If it was Khabib Nurmagomedov, his praises would be sung in every promo. Yet for Evloev? Somehow his style is lost in translation. Which brings up the burning question: What is it, in his mind, that makes an exciting fight?
“I think it’s the skills that make the sport because, for me, somebody who’s a lifelong martial artist, I’ve been learning about this,” he says. “I keep improving myself. I know what needs to be done to go to the next move or go get out from one move or implement something that I want to implement. For me, it’s more interesting to see the sport that I understand or that I know a lot about.”
He says art, especially high-minded art, really is in the eye of the beholder.
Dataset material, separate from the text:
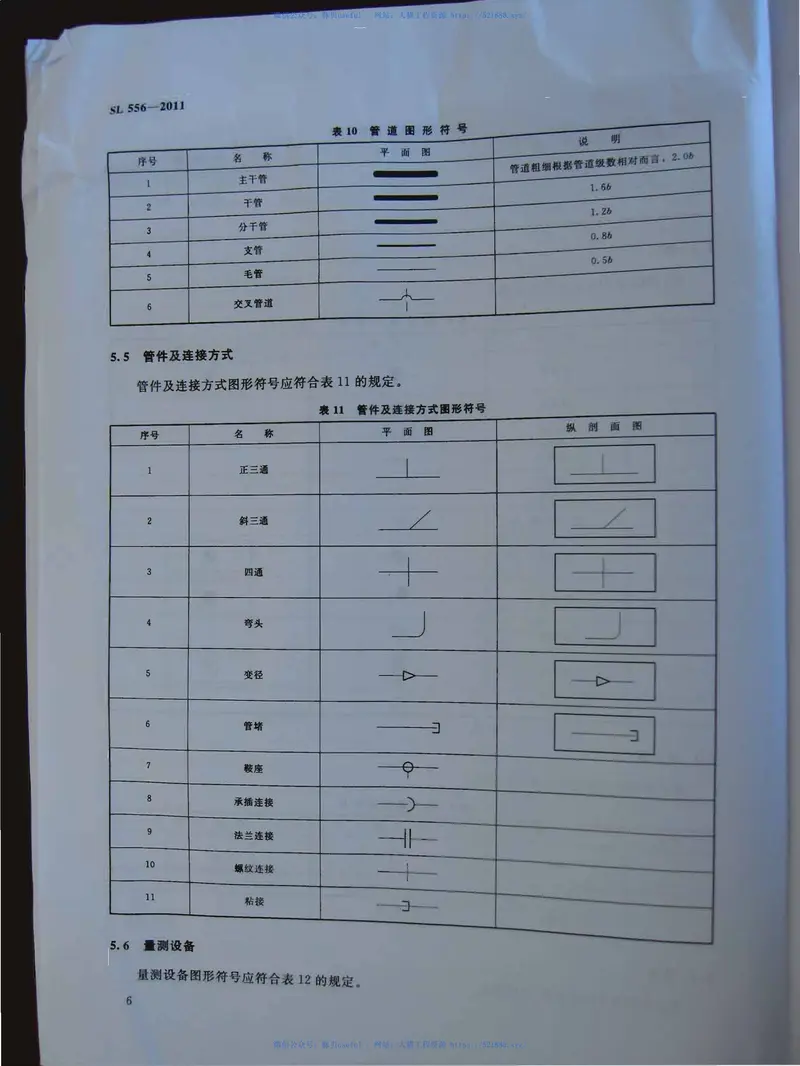 SL556-2011节水灌溉工程规划设计通用图形符号标准 预览图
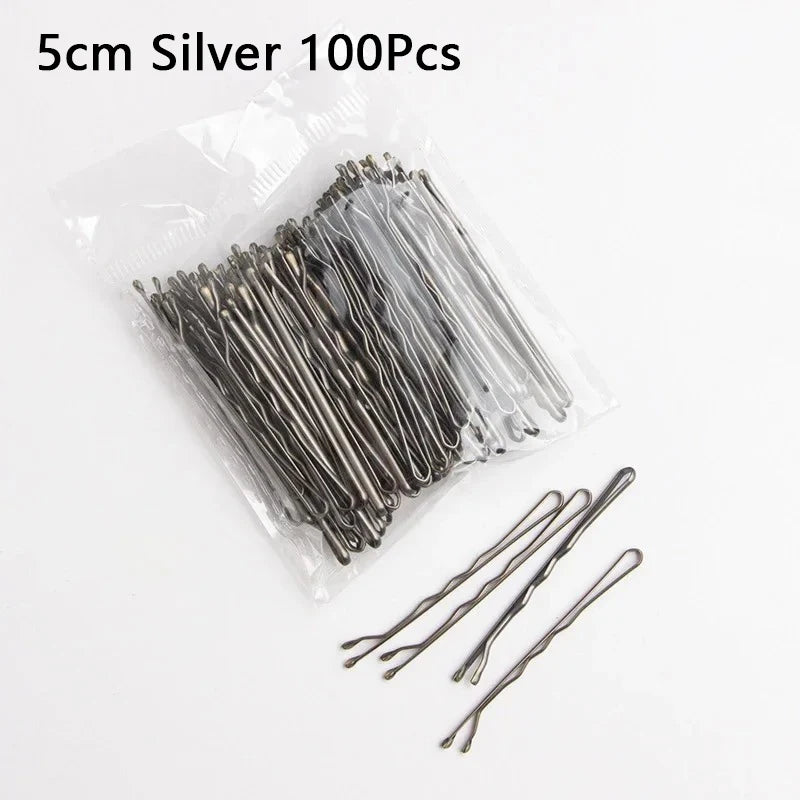 Women Black Hair Clip Metal U-shaped Bobby Pins Wavy Hairpin Barrette Zpaxo Silver-100Pcs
“For instance, if it’s some fan that just shows up out of nowhere and says, ‘OK, I’m going to root for MMA, but I know nothing about it,’ it’s just like me coming in and trying to root for baseball. If I see a baseball game, I have no idea what’s going on, so I would be just a fake fan. It’s the same thing here. It’s more interesting when you see a sport that you know, that you understand, because it becomes more fun that way.”